J. B. Rogers (Say It Isn't So) has replaced Paul Weitz as director, but Adam Herz has returned as screenwriter, thereby ensuring a fair amount of, uh, thematic consistency. (Or, to put it less charitably, a whole lot of recycling.) Much like its enormously popular 1999 predecessor, Pie 2 often plays like a ruder and cruder version of those notorious teen-sex comedies (Porky's, Losin' It, etc.) that were a cinematic staple during the Reagan Era. Also like the first Pie, however, the sequel cunningly tempers its full-bore raunchiness with a generous dose of date-movie sweetness and an overall sense of fair play. Some of the guys may be on the make all of the time, but none of the women are tricked, mistreated or even forced to serve as the, ahem, butt of mean-spirited jokes. The hottest of the hotties may be around only as eye candy, but they're not the ones who have to make perfect fools of themselves. That task is assigned exclusively to the males in the cast.

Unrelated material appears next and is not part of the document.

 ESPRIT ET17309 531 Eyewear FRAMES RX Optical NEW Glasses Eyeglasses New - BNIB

Once again, the most diligently foolish of the lot is Jim (Jason Biggs), the guy who made a sexually underachieving spectacle of himself for an Internet audience in the previous American Pie. (He also was the one, you may recall, who discovered that nothin' says lovin' like somethin' from the oven.) The sequel begins with Jim ending his freshman year of college with an even greater embarrassment in front of a mercifully smaller audience. After that, he's more than ready to get away for a summer vacation.

So Jim sets off to a rented beach house with a few other American Pie alumni: Oz (Chris Klein), the affably dreamy-eyed jock; Stifler (Seann William Scott), the indefatigably rowdy and horny party animal; Kevin (Thomas Ian Nicholas), who's finding it difficult to remain "just friends" with Vicky (Tara Reid), his former high-school sweetheart; and Finch (Eddie Kaye Thomas), the droll hipster turned Tantric sex devotee, who can't forget his glorious night of bliss with an alluring older woman (Jennifer Coolidge). Trouble is, that woman was, and still is, Stifler's mother.

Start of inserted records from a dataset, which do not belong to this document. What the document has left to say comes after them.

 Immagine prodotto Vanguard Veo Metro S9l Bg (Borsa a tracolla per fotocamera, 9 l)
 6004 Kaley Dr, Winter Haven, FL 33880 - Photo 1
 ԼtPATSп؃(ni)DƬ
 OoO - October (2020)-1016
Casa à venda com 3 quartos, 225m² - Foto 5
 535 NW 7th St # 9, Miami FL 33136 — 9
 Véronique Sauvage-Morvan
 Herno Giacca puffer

Even more so than most sequels, Pie 2 is designed primarily for audiences with vivid memories of its predecessor. If you never have seen the original, you may wonder why so many folks seated around you laugh so heartily each time anyone refers to the flute played so artfully by Michelle (Alyson Hannigan), the self-described "band geek." But the uninitiated can easily figure out that Michelle relieved Jim of his virginity in the previous movie. Anxiously anticipating another encounter with Nadia (Shannon Elizabeth), the Swedish exchange student who was his Internet co-star, Jim seeks advice on seduction techniques from his first sex partner. Michelle is happy to oblige, in her inimitably perky fashion. And if you can't predict where this leads, you really need to get out to the movies more often.

American Pie 2 takes a casual approach to propelling its various subplots, and seriously short-changes a few supporting players. Mena Suvari literally phones in most of her performance as Heather, Oz's girlfriend, while Natasha Lyonne, who appeared only periodically as the blunt-spoken Jessica in the first American Pie, is even less of a presence here. Fortunately, other members of the ensemble cast -- including Eugene Levy, back again as Jim's over-empathetic father - have more to do, and they do it well. As a result, the movie is never less than amusing, and frequently escalates to the level of uproarious hilarity.

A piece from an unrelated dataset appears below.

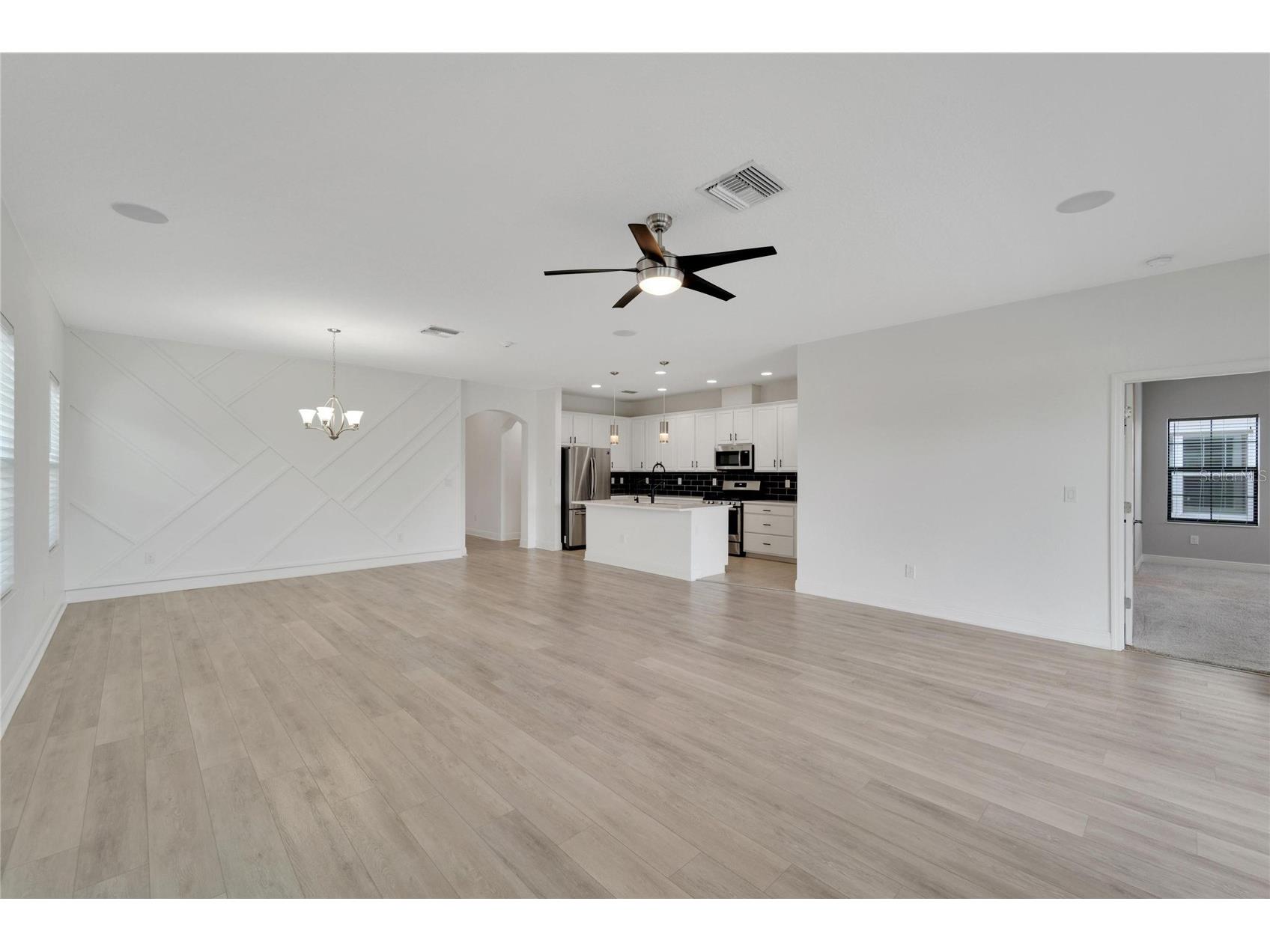 7408 Sungold Meadow Court Apollo Beach FL 33572 TB8400632 image28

The funniest bits involve various forms of sexual humiliation, a gleefully cruel type of humor that can generate as much nervous squirming as helpless laughter. (That is, if you're a male; if you're female, you'll probably just laugh, heartlessly, and shame on you.) One scene calls for Jim to suffer a kind of performance anxiety at Michelle's band camp. Later, he does something with a tube of glue and a pornographic videotape that, trust me, if you're a guy, you never - repeat, never! - want to do with a tube of glue and a pornographic videotape.

The highlight of the movie is a scene in which Stifler seeks to fulfill a popular male fantasy by watching two presumed lesbians in a close encounter. But the women insist that, before he can watch them, they should get to watch while Stifler and Jim - or, worse, Finch - get it on. (Stifler's expression says it all: The horror! The horror!) Rarely, if ever, has any comedy force-fed just dessert to a homophobic lunkhead with such deliciously nasty exuberance.